Friday, 22 de November de 2024 ISSN 1519-7670 - Ano 24 - nº 1315

Tiririca não é o alvo certo

As eleições de 2010 terminaram com um comentário em particular dominando as fofocas da mídia: o caso Tiririca. Como a democracia brasileira pode gerar as ditas ‘aberrações’ similares ao comediante, eleito deputado federal pelo estado de São Paulo? Por quais razões surgiriam tais gargalos nas instituições políticas brasileiras?

As conclusões imediatistas responderiam em algumas direções, desde a reforma política até soluções que censurariam os direitos de determinados grupos sociais em buscar a ocupação de cargo eletivo. Bradariam os ‘caçadores de furos’ aos ouvidos dos ‘especialistas’ os apelos por explicações acerca dos motivos que não deixam a famigerada reforma política sair do papel; pediriam elucidações sobre mecanismos de veto para candidatos com características consideradas inadequadas.

Tudo isso resulta em ocultar as faces mais verdadeiras da novata democracia nacional, tratando de questões de intensa complexidade social com falsos remédios. Se procurarmos conhecer melhor os alicerces da nossa política, precisaremos ir além de sentenças estéreis, reducionistas e, por conseguinte, pouco ou nada informativas. Nesse sentido, cabe uma crítica ao próprio processo de produção do qual o jornalismo contemporâneo se tornou dependente, na medida em que os trabalhadores – sim, trabalhadores, a maior fatia de jornalistas – das empresas de comunicação operam pressionados constantemente, numa competição empresarial voraz, que origina, entre outros reflexos, a velocidade (time is money!) em detrimento da qualidade da informação.

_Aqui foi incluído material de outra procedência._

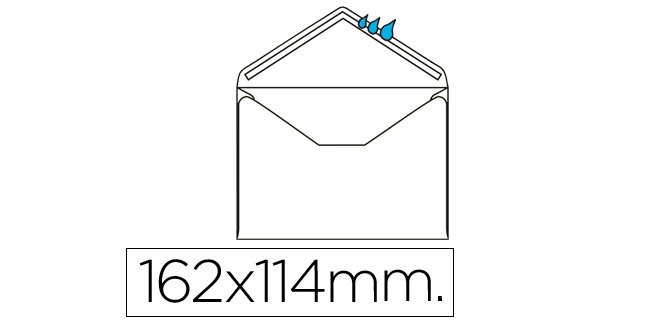 Sobre liderpapel n.21 blanco c6 114x162 mm engomado solapa de pico caja de 500 unidades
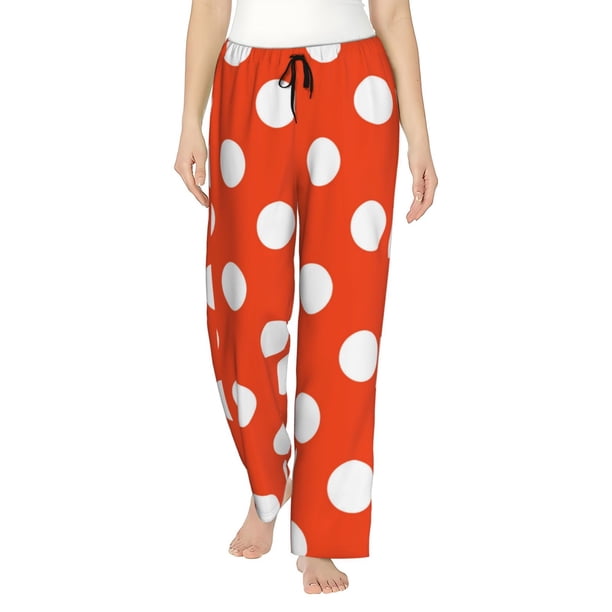 Balery Orange And White Polka Dot1 Pantalones de pijama para mujer, pijamas ultraligeros, pantalones de estar por casa-Small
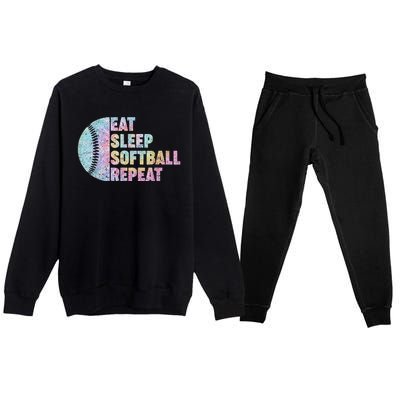 Eat Sleep Softball Repeat Teens Girls Boy Kids Men Tie Dye Premium Crewneck Sweatsuit Set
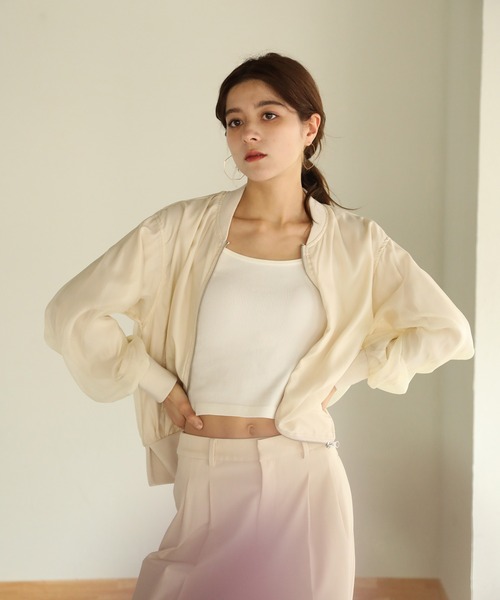 オーガーンジーリブブルゾン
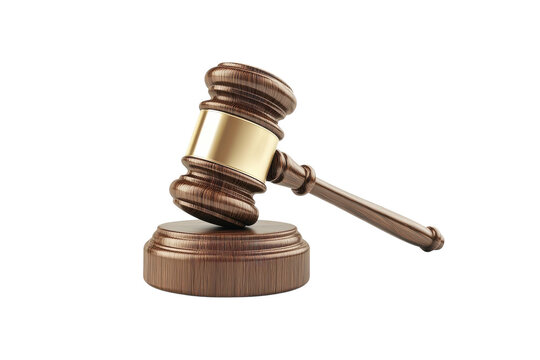 A wooden gavel rests on its circular base, symbolizing justice and authority in a courtroom setting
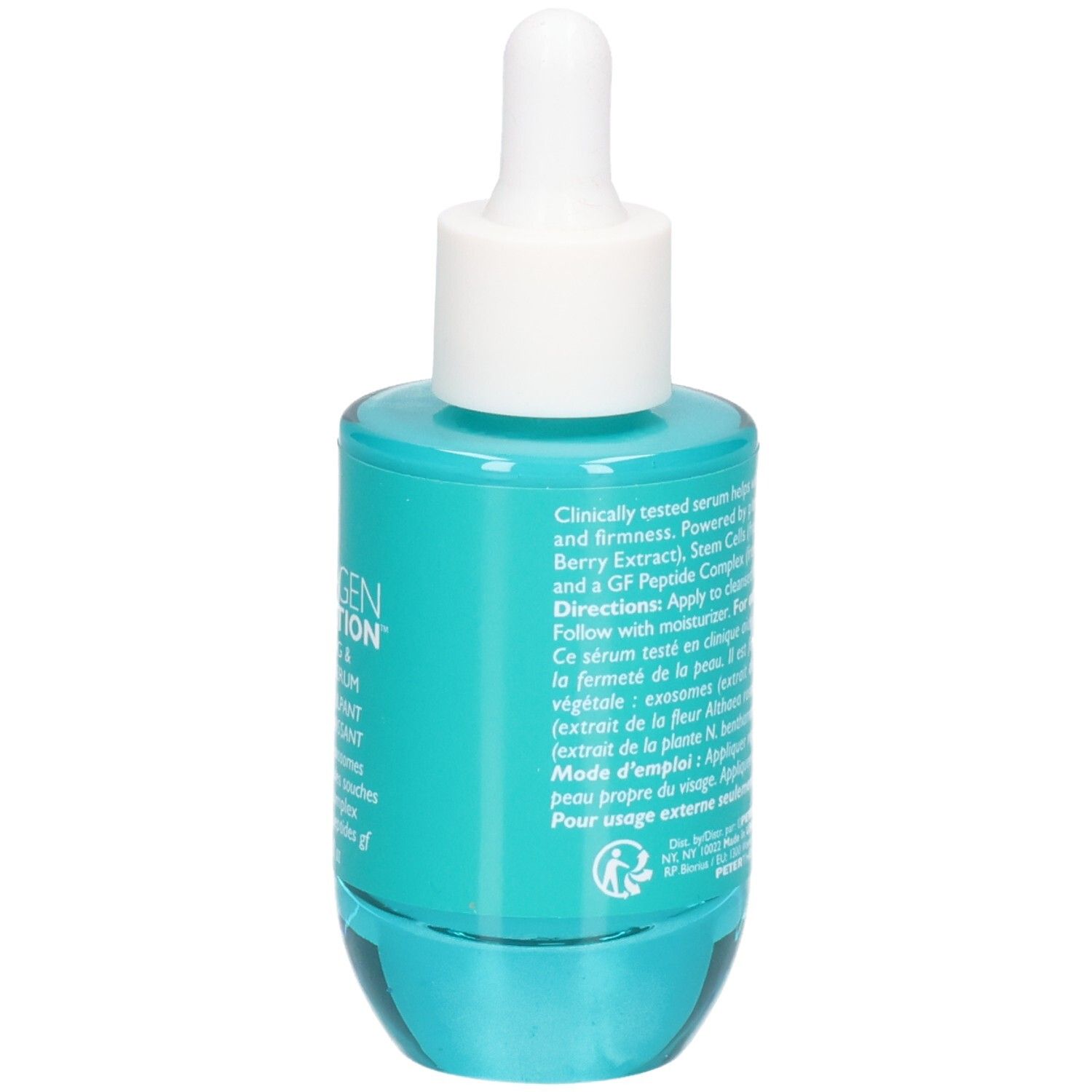Flacon de sérum Peter Thomas Roth Collagen Skinjection avec pipette, bleu sarcelle.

O Brasil carrega na história das suas instituições políticas algumas apreciações gerais que não podem ser esquecidas. A despeito das relações econômicas, conquanto o escravismo oficial tenha sido o mais tardio do planeta, as elites do poder neste país congregam elementos específicos que demandam uma abordagem mais atenta. Não é senão forçosa uma análise do conceito de patrimonialismo.

Os primeiros golpes da reconquista

Já com Max Weber encontramos o termo, descrito como uma administração política em que as questões públicas e privadas se confundem e o limite entre ambas as esferas de poder é bastante imperceptível. Ele defende que ‘falaremos de Estado patrimonial quando o príncipe organiza seu poder político sobre áreas extrapatrimoniais e súditos políticos – poder que não é discricionário nem mantido pela coerção física – exatamente como exerce seu poder patriarcal’ (1999: 239/240).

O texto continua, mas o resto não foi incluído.